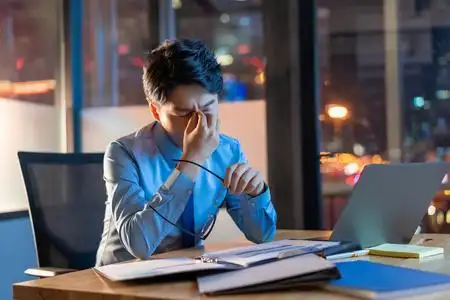 男士熬夜年轻商务男士在加班照片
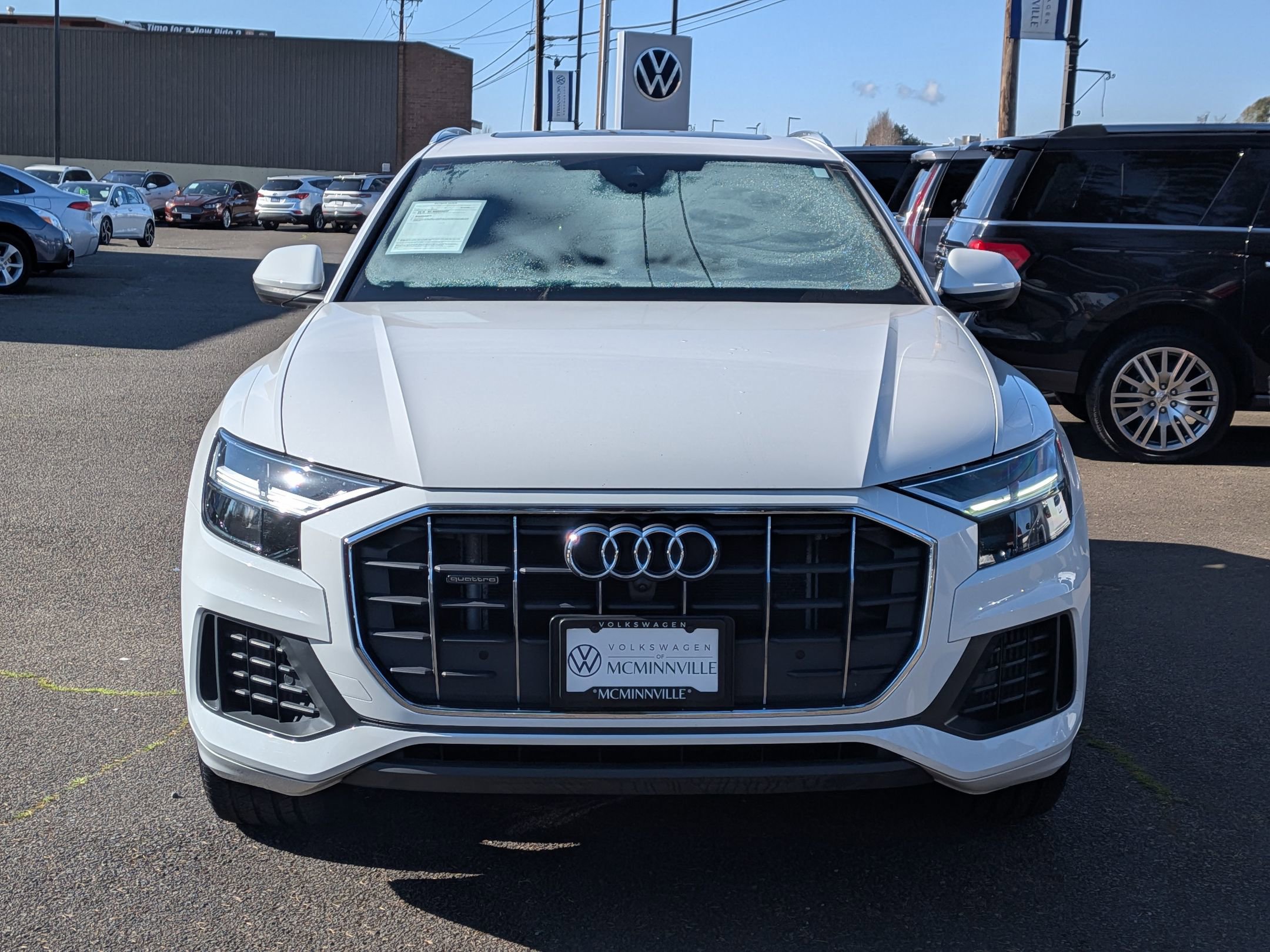 Used 2022 Audi Q8 Premium image 8
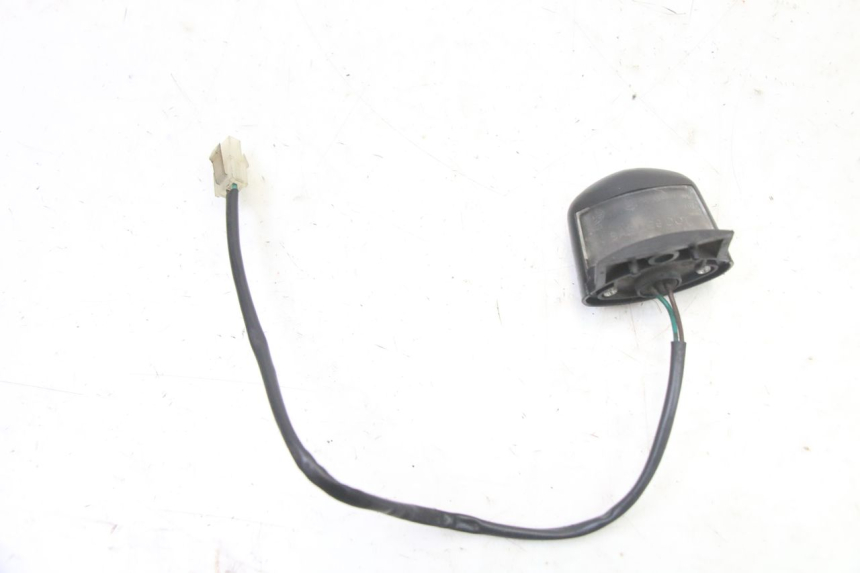 photo de ILUMINAÇÃO DE PLACA PEUGEOT SATELIS 125 (2013 - 2018) - Zoom do estado de desgaste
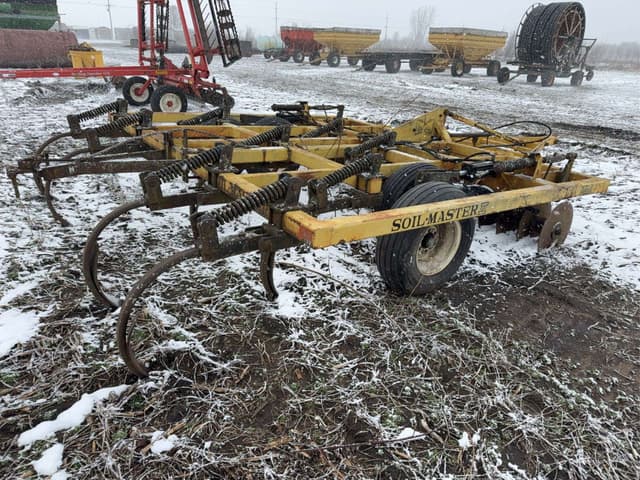 Image of Landoll Soil Master equipment image 3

- **BRIEF**
Your answer must be exactly the lines from the one with "photo de ILUMINAÇÃO" through the final line of the data, with no pictures in it.

- **ANSWER SPACE**
 photo de ILUMINAÇÃO DE PLACA PEUGEOT SATELIS 125 (2013 - 2018) - Zoom do estado de desgaste
 Image of Landoll Soil Master equipment image 3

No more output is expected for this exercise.